According to Jonathan Haidt (Moral Foundations Theory), progressives tend to care about three main things:
1) the welfare of people,
2) fairness, and
3) liberty (freedom from tyranny).
Conservatives, according to Haidt, care about all three of those things as well, but they also care about three other things:
4) loyalty to their groups,
5) obedience to tradition and “legitimate” authority figures, and
6) purity (avoidance of things and actions they deem “disgusting”).
The progressive vision (and that of many left-leaning Libertarians) is straightforwardly about people’s welfare, fairness, and autonomy. It’s about creating systems that work well for everyone for the most part. And they aren’t all that worried if the new system upsets tradition or enables people to do “disgusting” things. They can also tolerate a little bit of cheating of the system as long as the overall effects are positive.

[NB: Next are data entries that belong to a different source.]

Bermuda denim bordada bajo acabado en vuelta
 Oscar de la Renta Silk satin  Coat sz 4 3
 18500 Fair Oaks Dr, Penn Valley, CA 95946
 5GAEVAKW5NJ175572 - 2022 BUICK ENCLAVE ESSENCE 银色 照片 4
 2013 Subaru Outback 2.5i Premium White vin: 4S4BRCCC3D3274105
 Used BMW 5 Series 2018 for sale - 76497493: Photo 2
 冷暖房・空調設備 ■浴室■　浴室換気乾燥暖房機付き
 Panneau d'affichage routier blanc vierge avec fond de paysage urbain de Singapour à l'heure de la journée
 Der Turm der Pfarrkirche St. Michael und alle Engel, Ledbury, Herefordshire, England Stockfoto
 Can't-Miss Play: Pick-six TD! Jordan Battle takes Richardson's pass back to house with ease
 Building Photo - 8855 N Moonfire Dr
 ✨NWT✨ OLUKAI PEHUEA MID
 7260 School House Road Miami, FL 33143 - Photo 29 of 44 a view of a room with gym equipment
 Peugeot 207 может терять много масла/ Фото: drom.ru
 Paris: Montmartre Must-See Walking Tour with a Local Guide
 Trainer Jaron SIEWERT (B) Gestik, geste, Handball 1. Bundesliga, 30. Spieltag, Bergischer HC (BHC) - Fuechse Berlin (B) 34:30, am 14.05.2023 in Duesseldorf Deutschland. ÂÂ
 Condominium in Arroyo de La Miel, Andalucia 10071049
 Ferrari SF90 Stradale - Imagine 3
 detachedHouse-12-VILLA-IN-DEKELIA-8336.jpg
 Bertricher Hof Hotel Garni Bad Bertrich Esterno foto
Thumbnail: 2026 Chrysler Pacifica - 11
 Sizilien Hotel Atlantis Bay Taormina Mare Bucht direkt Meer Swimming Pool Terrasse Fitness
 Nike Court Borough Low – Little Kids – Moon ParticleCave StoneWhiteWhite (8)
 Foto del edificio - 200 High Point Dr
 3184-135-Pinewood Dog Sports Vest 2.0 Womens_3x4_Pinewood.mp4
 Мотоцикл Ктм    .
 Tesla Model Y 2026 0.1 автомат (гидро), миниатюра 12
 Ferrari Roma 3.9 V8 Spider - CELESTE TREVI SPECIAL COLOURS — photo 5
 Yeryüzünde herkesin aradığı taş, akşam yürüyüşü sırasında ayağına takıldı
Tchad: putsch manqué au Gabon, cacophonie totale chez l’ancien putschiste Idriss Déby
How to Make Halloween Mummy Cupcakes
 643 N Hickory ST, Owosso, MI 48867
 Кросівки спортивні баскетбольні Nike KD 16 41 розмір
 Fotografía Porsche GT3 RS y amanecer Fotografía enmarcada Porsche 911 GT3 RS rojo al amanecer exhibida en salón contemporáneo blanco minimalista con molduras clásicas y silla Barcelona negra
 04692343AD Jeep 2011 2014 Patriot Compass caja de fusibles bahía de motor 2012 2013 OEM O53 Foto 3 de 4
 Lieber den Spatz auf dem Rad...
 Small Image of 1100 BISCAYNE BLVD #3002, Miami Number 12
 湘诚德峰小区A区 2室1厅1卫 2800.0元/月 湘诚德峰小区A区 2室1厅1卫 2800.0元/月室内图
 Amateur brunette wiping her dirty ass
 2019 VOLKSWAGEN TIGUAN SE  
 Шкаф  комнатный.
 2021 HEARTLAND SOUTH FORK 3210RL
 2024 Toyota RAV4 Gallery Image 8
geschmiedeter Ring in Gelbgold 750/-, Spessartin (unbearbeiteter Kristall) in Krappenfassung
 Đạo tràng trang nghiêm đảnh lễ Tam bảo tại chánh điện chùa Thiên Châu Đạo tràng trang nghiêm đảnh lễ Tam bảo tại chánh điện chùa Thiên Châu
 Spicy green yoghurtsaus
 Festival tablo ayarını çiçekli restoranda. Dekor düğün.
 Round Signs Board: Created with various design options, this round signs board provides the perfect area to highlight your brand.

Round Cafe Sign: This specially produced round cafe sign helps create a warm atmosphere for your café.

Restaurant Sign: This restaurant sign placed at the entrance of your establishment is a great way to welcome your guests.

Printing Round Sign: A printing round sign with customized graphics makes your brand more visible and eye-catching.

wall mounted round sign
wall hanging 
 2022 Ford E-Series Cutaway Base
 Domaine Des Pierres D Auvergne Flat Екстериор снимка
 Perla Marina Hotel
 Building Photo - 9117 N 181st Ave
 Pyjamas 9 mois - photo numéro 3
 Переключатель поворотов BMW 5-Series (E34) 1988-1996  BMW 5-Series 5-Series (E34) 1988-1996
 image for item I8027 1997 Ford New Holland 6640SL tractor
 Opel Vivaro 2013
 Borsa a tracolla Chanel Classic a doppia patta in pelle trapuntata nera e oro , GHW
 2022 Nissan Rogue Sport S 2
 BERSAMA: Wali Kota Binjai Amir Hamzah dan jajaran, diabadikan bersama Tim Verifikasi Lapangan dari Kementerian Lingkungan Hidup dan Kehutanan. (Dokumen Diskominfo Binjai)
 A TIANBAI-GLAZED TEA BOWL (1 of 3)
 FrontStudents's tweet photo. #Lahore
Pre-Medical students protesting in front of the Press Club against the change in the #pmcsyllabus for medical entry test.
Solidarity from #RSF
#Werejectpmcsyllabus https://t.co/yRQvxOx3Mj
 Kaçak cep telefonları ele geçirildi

Progressives are frustrated when conservatives appeal to authorities other than science and reason, and when they hold up “progress” in the name of traditional moral codes, or when their group loyalty gets in the way of cooperating with other groups.
Conservatives are frustrated when Progressives work to undermine their traditions, are permissive about behaviors they consider “disgusting” or wrong, or undermine loyalty to the body politic or reduce the group’s ability to defend itself against other groups.
These portraits are obviously vastly oversimplified, and many individuals on the left and right won’t fit these stereotypes. But as far as generalizations go, they seem both fairly accurate and useful — able to explain both the content and tone of the debates between left and right around the world.
I wonder how this model might help us forge more productive dialogues across the left-right chasm.